Registro de imóveis – Adjudicação compulsória – Averbação premonitória promovida antes do Registro da Venda do Imóvel – Princípio da concentração dos atos na matrícula e da publicidade registral – Oponibilidade erga omnes e direito de sequela – Adquirente do bem que tinha – ou deveria ter – Plena ciência da existência da ação de adjudicação compulsória referente ao imóvel – Efeitos da coisa julgada que atingem a adquirente do imóvel – Negócio ineficaz face ao credor – Hipótese de ineficácia relativa e não de invalidade – Inexistência de ofensa à continuidade registral – Óbice afastado – Apelação provida.
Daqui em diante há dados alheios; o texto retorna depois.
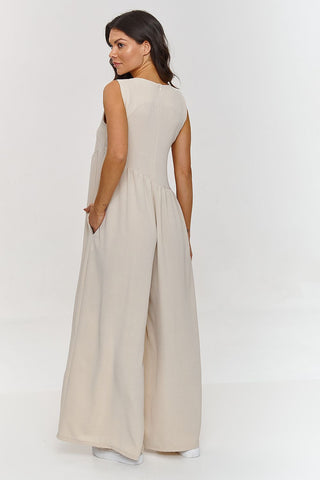  Suit model 211550 Makadamia 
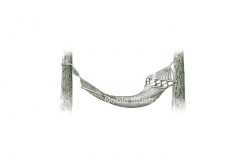 Hammock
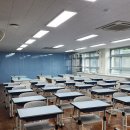 신덕중학교 이미지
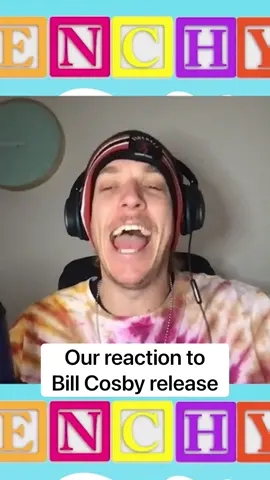 How tf did this happen ? #jail #prison #release #early #news #covid #mask #old #die #cough #lol #ouch #bad #omg #dumb #tiktok #fyp #comment #like #tag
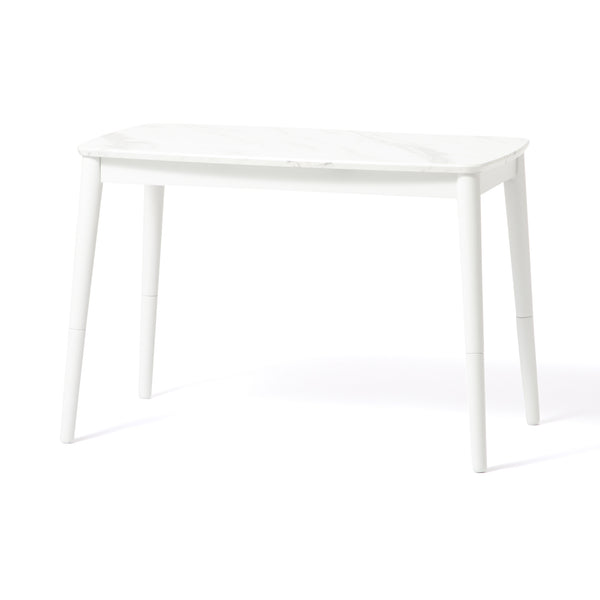 EC限定】モスコ こたつテーブル 2WAY 900×500 マーブル | Francfranc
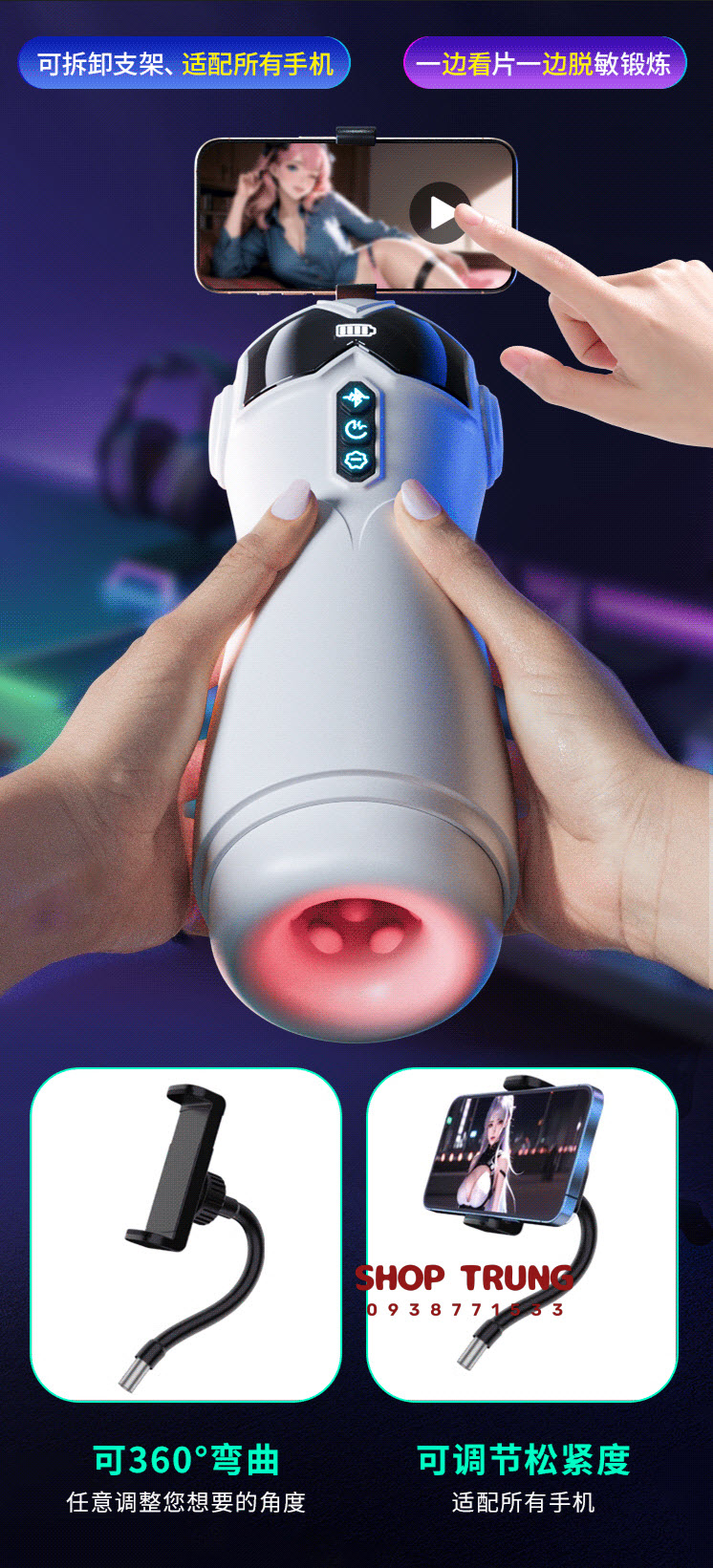 am dao gia cho nam am dao gia cho nam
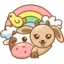 AstridCloud icon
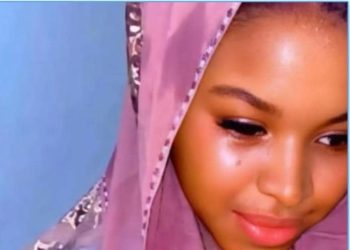 Après le décès de Nogaye Thiam : la vice-présidente de l’ONDH pointe la non-assistance à personne en danger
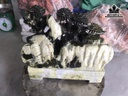 tieu-canh-da-serpentine-cao-34-ngang-34-cm-20kg-446035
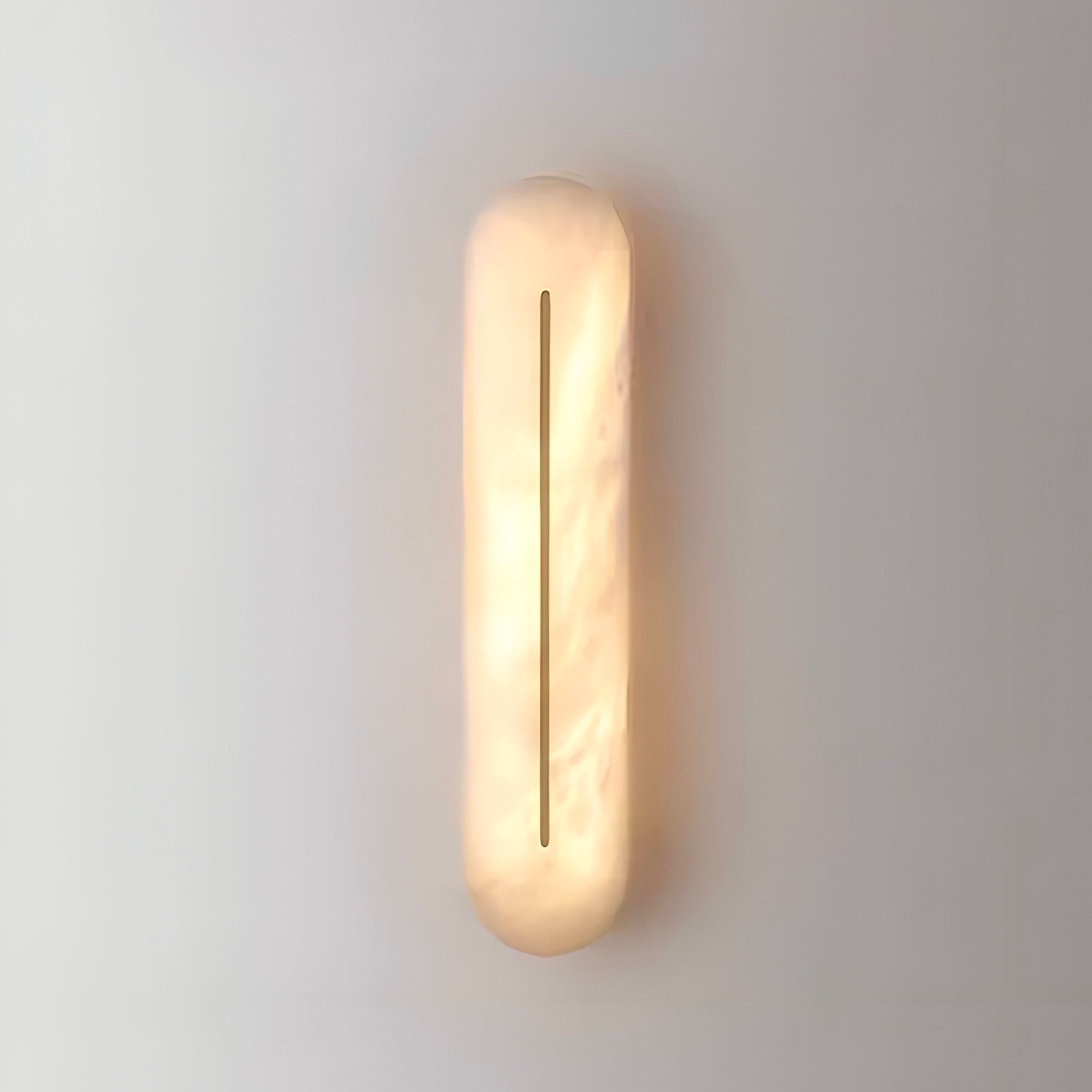 Sans nom 19 décembre_11:57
Trata-se de apelação interposta por Clarice Guizardi de Souza BastosRodrigo Guizardi de Souza Bastos André Guizardi de Souza Bastos contra a r. sentença proferida pela MM.ª Juíza Corregedora Permanente do 1º Oficial de Registro de Imóveis, Títulos e Documentos e Civil de Pessoa Jurídica de Marília/SP, que manteve a recusa de registro da carta de adjudicação extraída dos autos do Processo nº 1011798-15.2019.8.26.0344, tendo por objeto o imóvel matriculado sob nº 8.308 junto à referida serventia extrajudicial (fls. 184/190).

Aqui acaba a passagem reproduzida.